Те, кто ее одолевает, – разрозненные фигуры, два десятка красноармейцев, уходящих от погони белых. По лицам беглецов, по тому, как они измождены и голодны, не скажешь, насколько они сознают, что живут в «прекрасные годы». С другой стороны, режиссер с оператором и при музыкальной поддержке композитора Николая Крюкова дают понять, что время действия и вправду историческое, эпохальное.
Правда, конкретика сюжета затем снижает пафос изложения. Фигуранты действия становятся характерными персонажами. В первую очередь – комиссар Евсюков (Николай Крючков). Он резок и по-отечески добродушен.

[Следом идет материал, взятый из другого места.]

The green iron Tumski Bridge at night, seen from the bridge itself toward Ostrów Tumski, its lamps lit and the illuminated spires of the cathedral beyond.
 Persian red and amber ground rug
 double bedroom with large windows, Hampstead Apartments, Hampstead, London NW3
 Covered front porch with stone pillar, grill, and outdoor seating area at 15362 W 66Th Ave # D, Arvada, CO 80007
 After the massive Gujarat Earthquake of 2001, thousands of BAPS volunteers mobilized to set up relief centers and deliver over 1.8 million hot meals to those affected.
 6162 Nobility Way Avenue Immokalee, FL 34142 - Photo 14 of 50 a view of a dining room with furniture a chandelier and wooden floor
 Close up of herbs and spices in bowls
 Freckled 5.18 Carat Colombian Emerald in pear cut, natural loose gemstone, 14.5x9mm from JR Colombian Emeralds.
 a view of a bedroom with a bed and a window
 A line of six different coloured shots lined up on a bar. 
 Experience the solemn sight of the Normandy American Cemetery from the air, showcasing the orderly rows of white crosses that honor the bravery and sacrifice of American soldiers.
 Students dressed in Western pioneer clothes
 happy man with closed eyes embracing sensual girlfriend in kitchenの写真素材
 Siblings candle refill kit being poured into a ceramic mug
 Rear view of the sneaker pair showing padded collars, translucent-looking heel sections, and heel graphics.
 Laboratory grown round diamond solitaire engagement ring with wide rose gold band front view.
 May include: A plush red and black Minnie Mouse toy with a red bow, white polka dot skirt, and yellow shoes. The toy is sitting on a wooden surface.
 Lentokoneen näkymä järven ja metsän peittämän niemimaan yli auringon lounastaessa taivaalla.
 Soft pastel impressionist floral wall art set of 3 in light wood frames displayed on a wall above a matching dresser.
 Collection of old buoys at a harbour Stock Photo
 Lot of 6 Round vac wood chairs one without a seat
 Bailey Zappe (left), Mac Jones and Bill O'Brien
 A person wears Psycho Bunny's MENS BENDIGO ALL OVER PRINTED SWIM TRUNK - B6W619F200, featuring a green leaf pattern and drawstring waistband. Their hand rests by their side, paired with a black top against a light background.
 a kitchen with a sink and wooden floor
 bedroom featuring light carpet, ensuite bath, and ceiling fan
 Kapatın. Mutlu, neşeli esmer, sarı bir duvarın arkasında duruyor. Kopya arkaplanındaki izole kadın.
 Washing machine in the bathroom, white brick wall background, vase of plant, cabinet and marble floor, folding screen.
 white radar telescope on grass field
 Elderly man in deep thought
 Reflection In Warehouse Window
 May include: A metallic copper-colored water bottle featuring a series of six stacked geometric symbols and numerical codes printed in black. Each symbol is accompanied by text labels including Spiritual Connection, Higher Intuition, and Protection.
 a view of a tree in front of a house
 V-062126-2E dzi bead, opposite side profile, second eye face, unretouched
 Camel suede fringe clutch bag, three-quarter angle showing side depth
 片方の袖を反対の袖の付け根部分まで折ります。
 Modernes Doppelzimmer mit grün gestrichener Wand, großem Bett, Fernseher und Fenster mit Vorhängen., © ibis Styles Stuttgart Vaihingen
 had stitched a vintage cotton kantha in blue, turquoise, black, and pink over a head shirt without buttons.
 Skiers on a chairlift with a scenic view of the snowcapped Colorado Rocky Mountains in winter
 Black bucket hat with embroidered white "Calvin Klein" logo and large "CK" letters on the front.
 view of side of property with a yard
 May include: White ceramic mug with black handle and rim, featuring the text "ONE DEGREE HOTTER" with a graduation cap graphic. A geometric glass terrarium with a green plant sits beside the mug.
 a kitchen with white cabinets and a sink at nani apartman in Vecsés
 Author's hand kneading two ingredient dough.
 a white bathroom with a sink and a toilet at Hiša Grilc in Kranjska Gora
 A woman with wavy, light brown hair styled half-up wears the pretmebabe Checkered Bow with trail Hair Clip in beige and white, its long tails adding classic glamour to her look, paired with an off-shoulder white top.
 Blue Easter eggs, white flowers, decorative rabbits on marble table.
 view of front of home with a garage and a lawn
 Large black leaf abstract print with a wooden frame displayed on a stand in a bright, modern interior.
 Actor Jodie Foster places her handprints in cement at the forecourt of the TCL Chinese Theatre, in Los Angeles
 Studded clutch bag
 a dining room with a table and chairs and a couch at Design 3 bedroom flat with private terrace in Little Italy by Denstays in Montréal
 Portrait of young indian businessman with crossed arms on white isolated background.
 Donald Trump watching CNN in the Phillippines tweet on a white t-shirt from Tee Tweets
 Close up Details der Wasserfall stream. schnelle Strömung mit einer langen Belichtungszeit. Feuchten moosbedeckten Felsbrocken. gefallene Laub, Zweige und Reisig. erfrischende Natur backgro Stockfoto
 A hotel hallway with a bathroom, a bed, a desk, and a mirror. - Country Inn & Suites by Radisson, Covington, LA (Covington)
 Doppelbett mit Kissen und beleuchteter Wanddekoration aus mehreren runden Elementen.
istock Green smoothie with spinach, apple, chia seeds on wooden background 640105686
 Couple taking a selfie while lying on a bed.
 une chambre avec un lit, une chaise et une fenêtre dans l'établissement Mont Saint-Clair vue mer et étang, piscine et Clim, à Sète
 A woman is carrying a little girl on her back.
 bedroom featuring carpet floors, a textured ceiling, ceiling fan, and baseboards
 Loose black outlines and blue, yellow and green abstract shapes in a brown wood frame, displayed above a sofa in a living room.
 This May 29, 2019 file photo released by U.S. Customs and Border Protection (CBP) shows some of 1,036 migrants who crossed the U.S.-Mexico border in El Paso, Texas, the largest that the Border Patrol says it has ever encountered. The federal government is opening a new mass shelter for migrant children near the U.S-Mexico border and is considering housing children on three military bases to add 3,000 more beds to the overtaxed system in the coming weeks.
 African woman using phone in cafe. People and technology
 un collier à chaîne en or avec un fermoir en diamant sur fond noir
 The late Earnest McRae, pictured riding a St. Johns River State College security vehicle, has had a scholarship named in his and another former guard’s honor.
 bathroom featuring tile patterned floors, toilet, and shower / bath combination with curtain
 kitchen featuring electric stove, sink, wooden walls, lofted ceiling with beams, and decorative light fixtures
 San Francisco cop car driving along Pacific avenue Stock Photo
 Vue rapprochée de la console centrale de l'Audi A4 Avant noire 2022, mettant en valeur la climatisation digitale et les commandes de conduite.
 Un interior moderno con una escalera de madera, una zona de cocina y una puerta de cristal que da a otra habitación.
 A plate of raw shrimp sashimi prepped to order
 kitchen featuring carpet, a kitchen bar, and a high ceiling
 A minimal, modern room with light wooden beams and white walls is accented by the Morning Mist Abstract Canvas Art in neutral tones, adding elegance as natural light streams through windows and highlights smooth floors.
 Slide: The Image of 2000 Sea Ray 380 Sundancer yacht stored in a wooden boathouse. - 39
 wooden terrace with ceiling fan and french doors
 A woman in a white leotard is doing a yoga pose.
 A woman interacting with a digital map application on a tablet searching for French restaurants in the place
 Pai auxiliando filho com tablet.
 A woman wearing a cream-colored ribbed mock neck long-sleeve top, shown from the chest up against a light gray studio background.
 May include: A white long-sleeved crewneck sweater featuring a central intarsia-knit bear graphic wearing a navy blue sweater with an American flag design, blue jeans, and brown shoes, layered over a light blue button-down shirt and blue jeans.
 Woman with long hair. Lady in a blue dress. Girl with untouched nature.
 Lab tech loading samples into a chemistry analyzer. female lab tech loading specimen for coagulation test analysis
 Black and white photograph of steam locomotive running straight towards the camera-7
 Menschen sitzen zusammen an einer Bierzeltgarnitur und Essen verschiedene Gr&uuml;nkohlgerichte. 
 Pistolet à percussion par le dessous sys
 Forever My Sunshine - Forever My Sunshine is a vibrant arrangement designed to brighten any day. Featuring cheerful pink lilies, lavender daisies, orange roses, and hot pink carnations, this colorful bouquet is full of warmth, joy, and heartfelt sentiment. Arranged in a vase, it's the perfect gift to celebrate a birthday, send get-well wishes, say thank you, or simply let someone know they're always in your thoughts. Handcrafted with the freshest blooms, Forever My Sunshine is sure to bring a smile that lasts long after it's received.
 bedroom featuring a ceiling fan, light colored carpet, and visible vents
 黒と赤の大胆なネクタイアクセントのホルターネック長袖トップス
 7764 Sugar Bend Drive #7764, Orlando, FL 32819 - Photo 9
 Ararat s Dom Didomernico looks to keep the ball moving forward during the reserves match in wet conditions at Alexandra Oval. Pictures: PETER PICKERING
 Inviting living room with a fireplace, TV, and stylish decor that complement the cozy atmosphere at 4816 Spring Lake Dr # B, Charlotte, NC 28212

У Протазанова комиссара играет тоже выразительный актер – молодой Максим Штраух. Но его Евсюков узкофункционален. Он тот, кто отдает приказы и олицетворяет революционную непреклонность.
Евсюков Крючкова шире назначенной ему командирской обязанности. Подчеркнутая актером характерность сообщает его персонажу краску человечности.
Характерностью оснащены и другие бойцы отряда. Один отвечает на угрозу комиссара «поставить его к стенке»: «Где тут стенка – тильки проклятый песок». Другой посреди пустыни мечтательно вспоминает, что на родине вербы расцвели. Казах объясняет: «Казах без верблюда – совсем плохо». «Знамо дело, куда ж мужику без скотины», – обобщает украинец.
Все бойцы – страстотерпцы, но, похоже, поневоле. Война для них нечто чужеродное. Свое – мирный быт, мирный труд… И только комиссар Евсюков и девица Марютка беззаветно преданы идее войны.
Пожалуй, Евсюков предан через силу. У него добрая натура. Реквизируя у казахов верблюдов, понимает, что для них это то, что называется «кирдык». Крючков сумел убедительно передать состояние человека, который и понимает, и отказывается это понять. Артист играет так, что успеваешь заметить, как на дне жестокого поступка беспомощно трепыхается придавленное сочувствие.
Марютка по молодости безоглядна. До поры до времени. В начале повествования она пацанка и грубиянка, страстно презирает классового врага, без промаха и сожаления пулями смахивает с коней белых офицеров. Ее девичье естество выказывает себя постепенно. В том хотя бы, что обратила внимание на синеву глаз своего пленника, который отвечает ей снисходительным кокетством.